TM
- Industry: Communications services
- Founded: September 12, 2001; 24 years ago (as Touch Mobile)
- Headquarters: Manila, Philippines
- Products: Telecommunications company; Mobile internet;
- Owner: Globe Telecom
- Website: https://www.tmtambayan.ph/

= TM (cellular service) =

Mobile virtual network operator in the Philippines

TM (formerly known as Islacom, Touch Mobile, and Republika ng TM and also known as TM Tambayan) is a Filipino cellular service brand of Filipino telecommunications company Globe Telecom.

==History==
TM was launched on September 12, 2001, as Touch Mobile, initially catering to the middle income market, and has since covered lower-income groups as well, making it Globe's value brand offering.

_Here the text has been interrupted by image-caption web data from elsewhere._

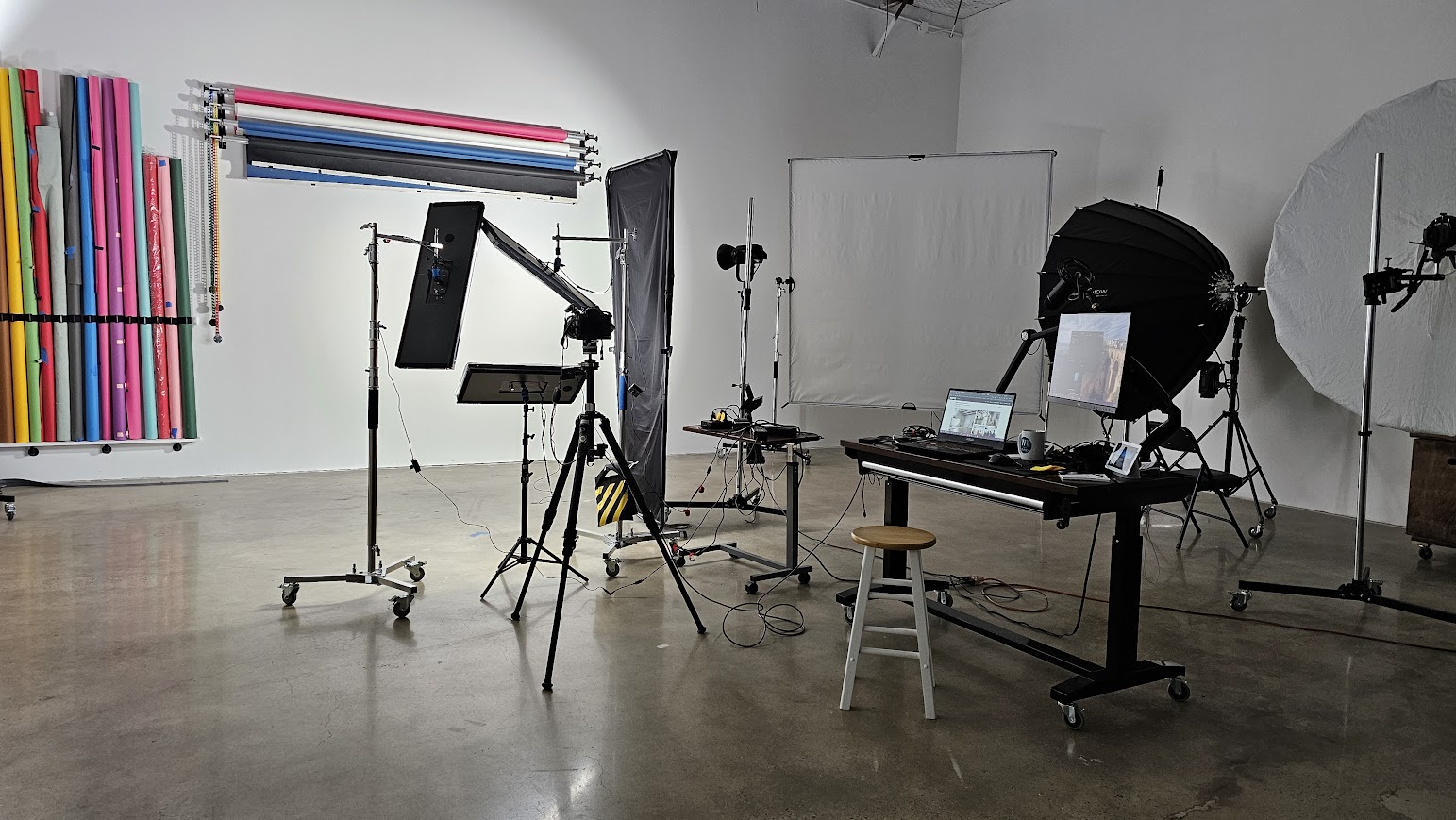 Professional headshot studio rental in Houston at West Loop Rental Studio featuring Studio B with 20 foot ceilings and the signature triangle lighting setup and seamless paper color backgrounds.
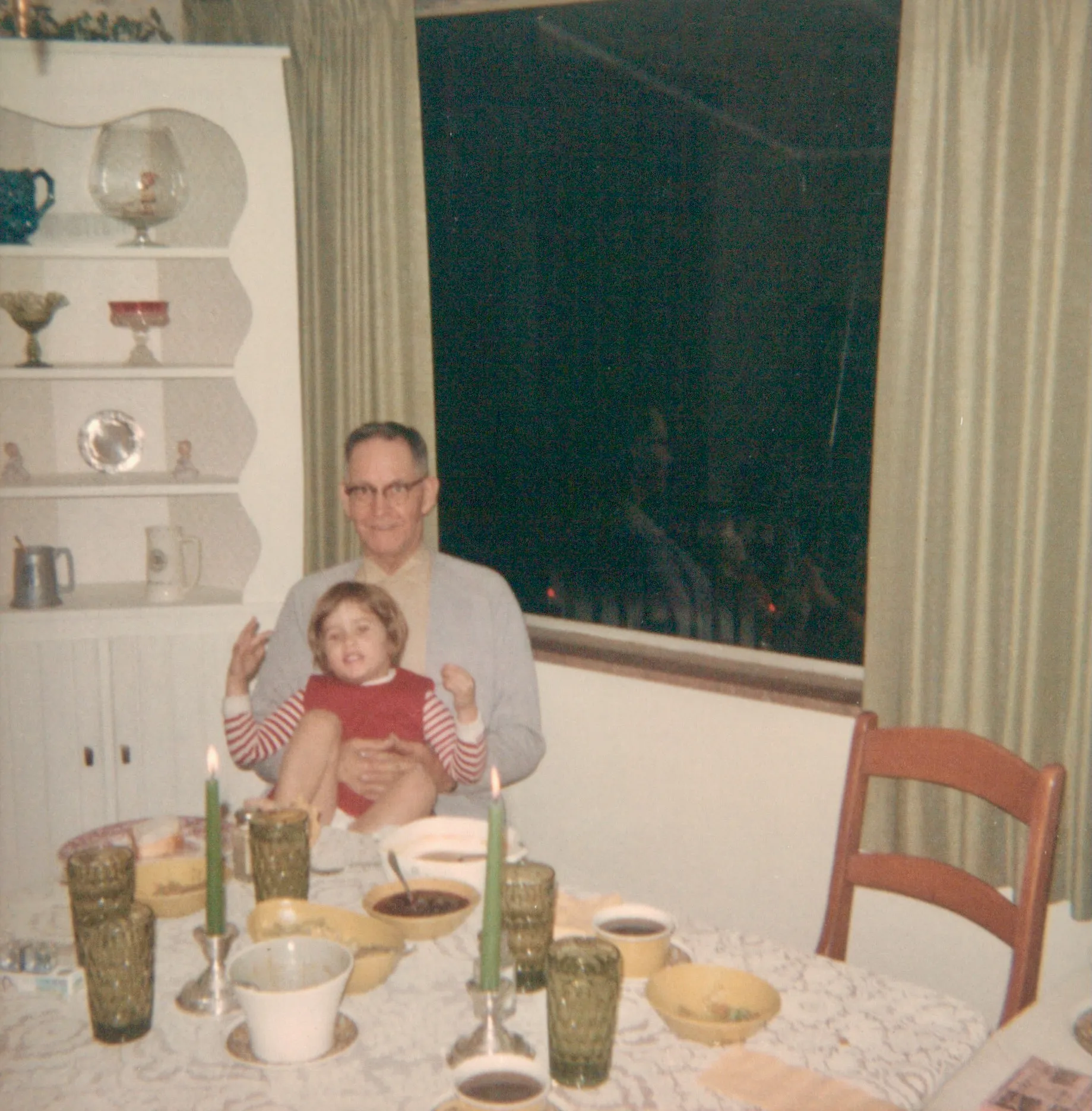 Homer Davis with a young grandchild on his lap at a candlelit Florida dinner table, c. late 1960s or early 1970s. From Chuck's keeping.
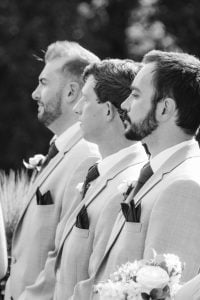 Black and white photo of groomsmen at a wedding ceremony.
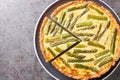 Spring creamy asparagus tart close-up in a plate. Horizontal top view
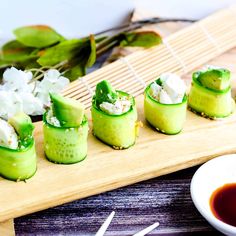 small cucumber slices are arranged on a wooden board next to dipping sauces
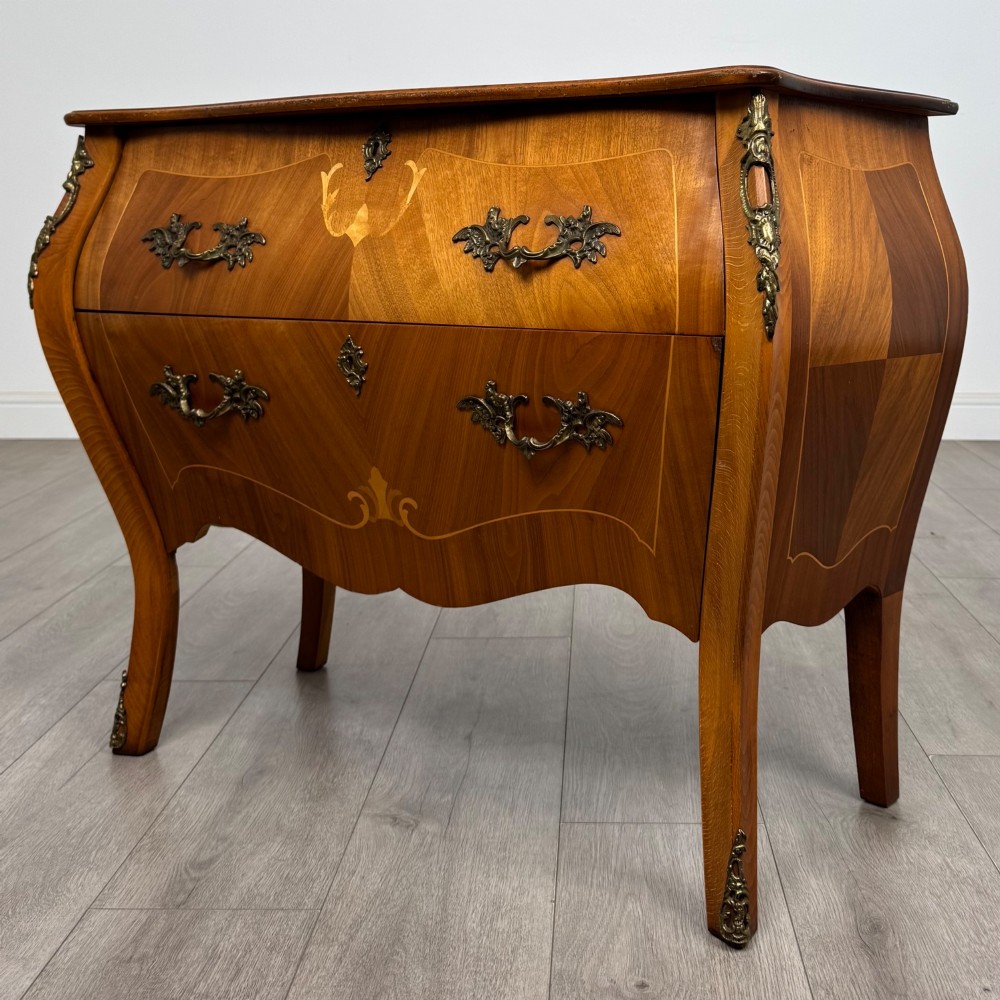 A two-drawer walnut bombe chest featuring curved sides, inlaid marquetry details, cast brass handles, and cabriole legs. View II
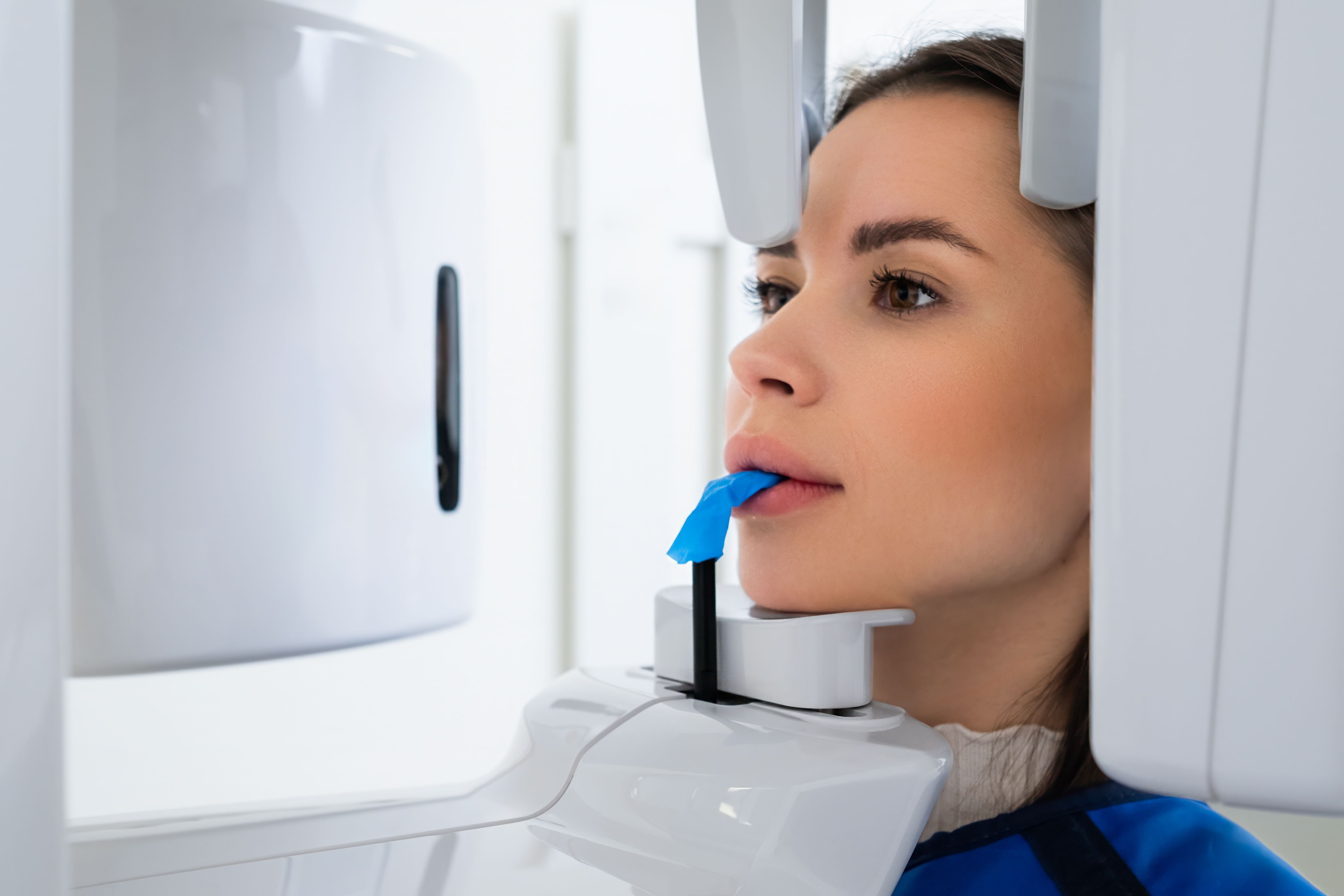 Patient undergoing a panoramic digital dental X-ray scan at an oral surgery clinic.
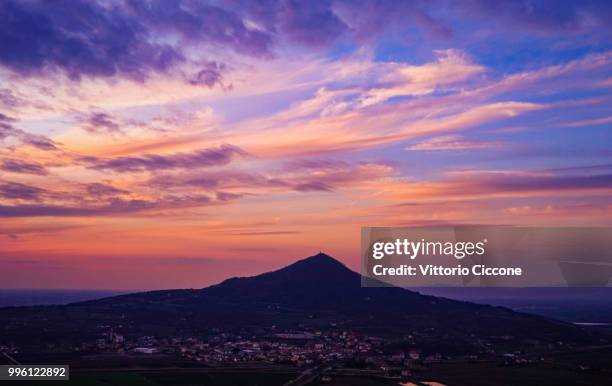 surreal twilight over the town - ciccione stock-fotos und bilder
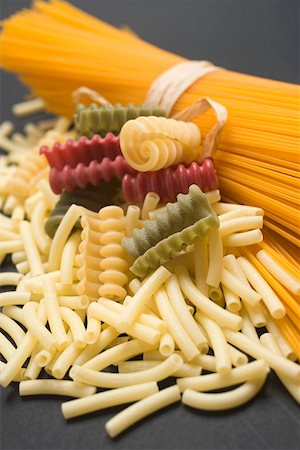 simsearch:659-01864831,k - A bundle of spaghetti and various types of coloured pasta Stock Photo - Premium Royalty-Free, Code: 659-01864804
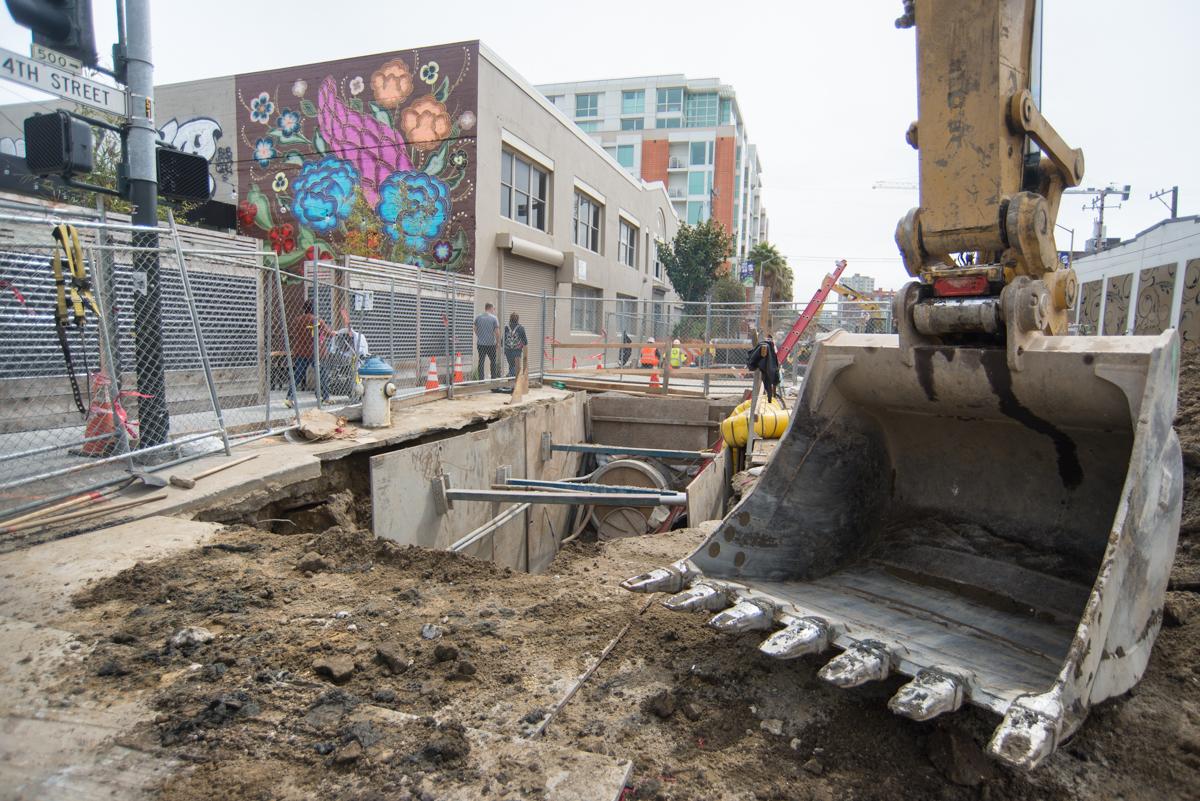 Construction excavation on 4th Street with heavy equipment and utility work in progress.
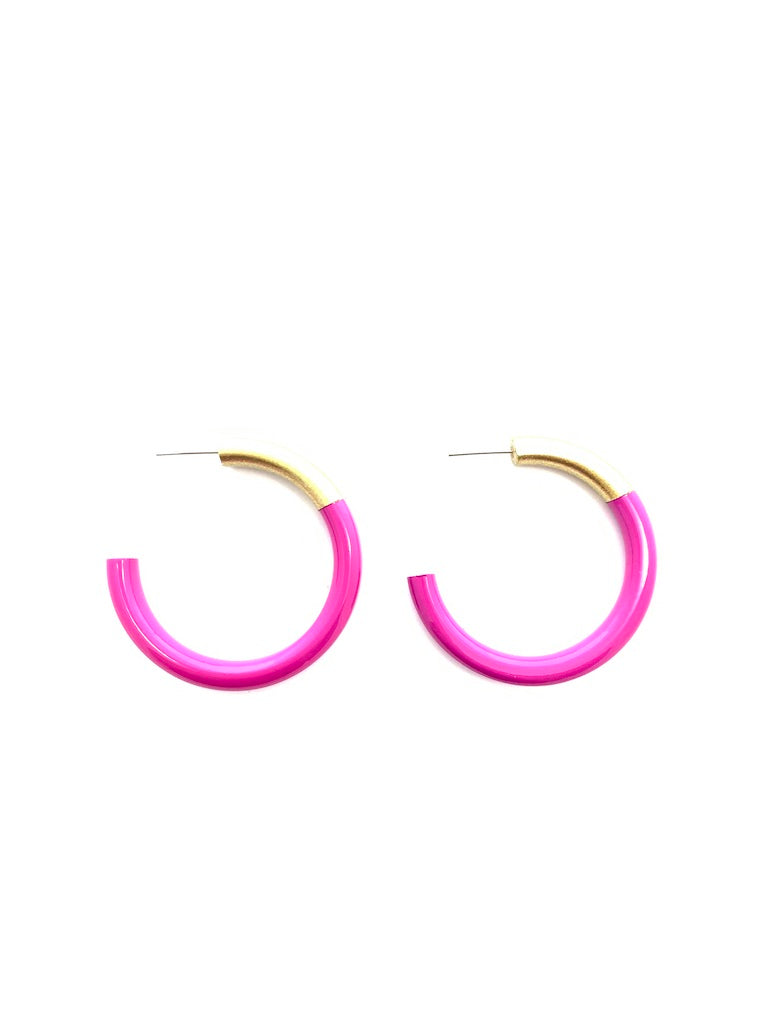 Pink hoop earrings with gold accents on a white background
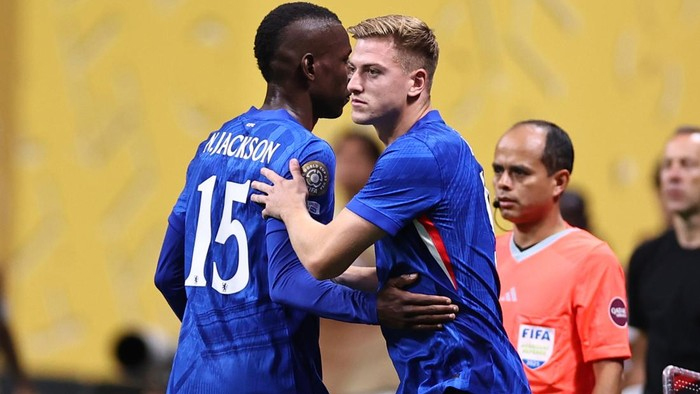 Two soccer players in blue jerseys hug on the field, one with number 15 and name Jackson on his back, as they celebrate or console each other.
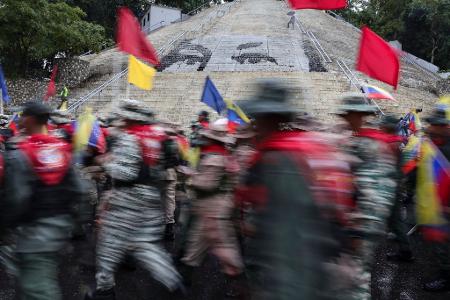 Mitglieder der Bolivarischen Miliz marschieren vor einer Treppe in Caracas, auf der die Augen des verstorbenen Präsidenten Hugo Chavez abgebildet sind, während einer Demonstration zum Gedenken an den Jahrestag der Schlacht von Santa Ines, die während des venezolanischen Bundeskriegs im 19. Jahrhundert stattfand.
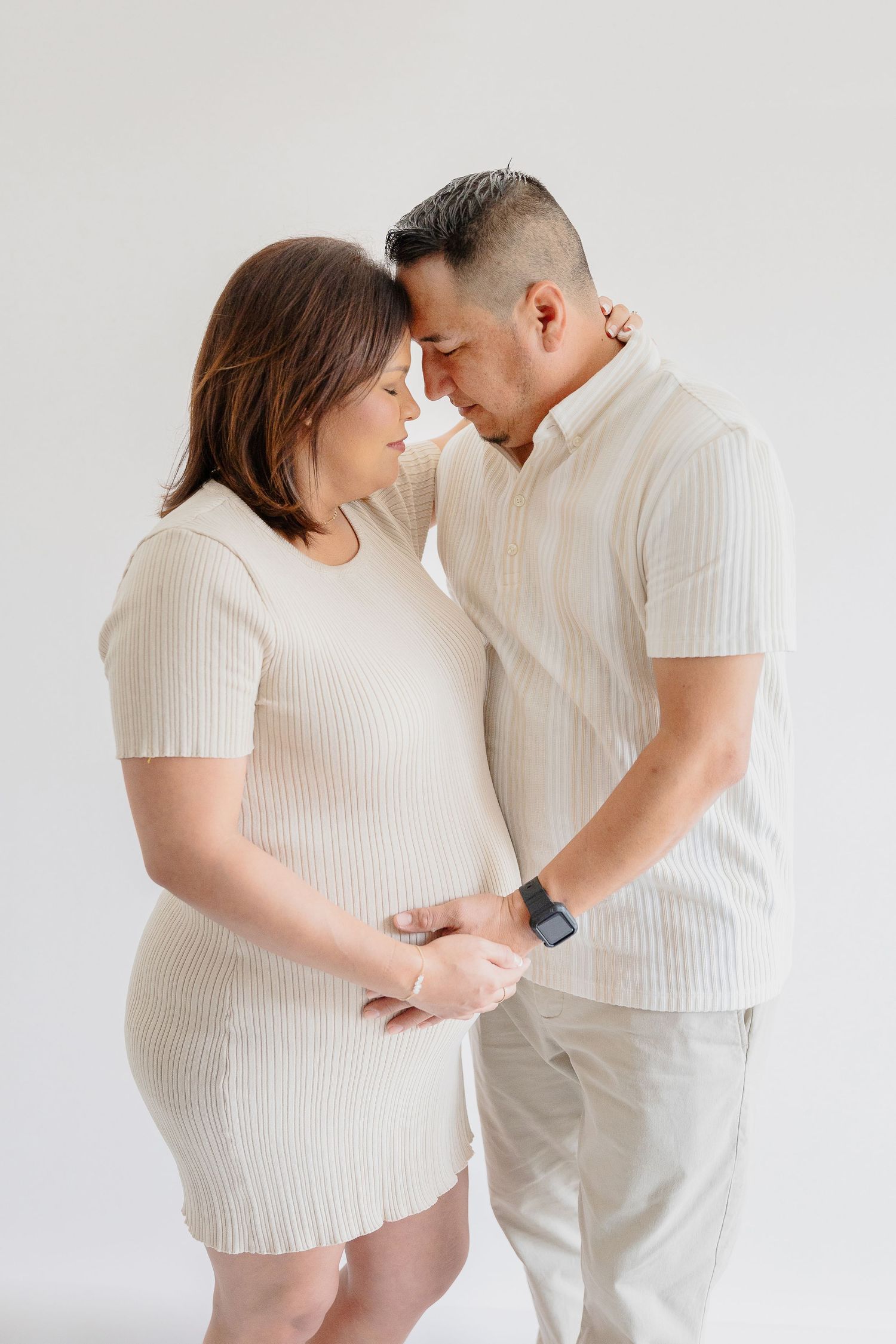 Couple in matching cream outfits share an intimate moment against white background.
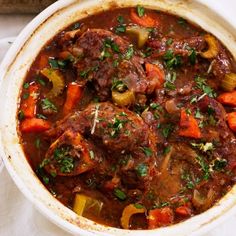 a pot filled with meat and vegetables on top of a white table next to a bowl of salad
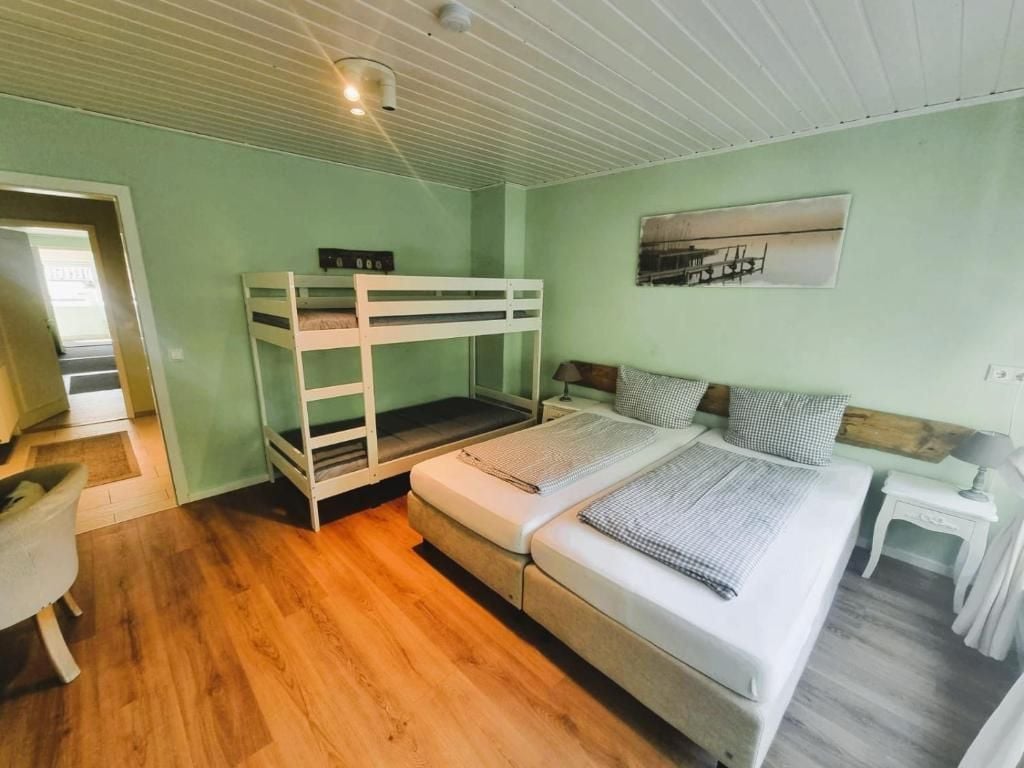 A room with bunk beds, a bedside table, a lamp, and a painting on the wall.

The service has gained popularity for its discounted call and messaging services, with the "All Network" offers allowing TM subscribers to communicate with users from other local networks.

Touch Mobile was started as the first mobile brand in the Philippines that introduced voice messaging system in 2001. Due to the majority of SMS users, the voice messaging system was discontinued and instead focused on SMS-based services.

Logo used from 2009 to 2019.

==Rebranding==
In 2005, the brand was relaunched as TM "Ang Bagong Touch Mobile" (English: The new Touch Mobile), and then as TM "Pinalakas na Touch Mobile" (English: The stronger Touch Mobile) while keeping the slogan "Power to the People!", reaching even subscribers of low income and rural communities.

Its new name Republika ng TM (Filipino: Republic of TM) and adding three stars and the sun above the logo, and their slogan "Astig Tayo Dito!" (Filipino: We are cool here!) was introduced in 2009.

In 2019, "Republika ng TM" was rebranded as "TM Tambayan " with an updated logo heavily based on the colors on the flag of the Philippines, which the brand focused on continuous of fun and happy Filipino (also known as "FunPinoy") moments.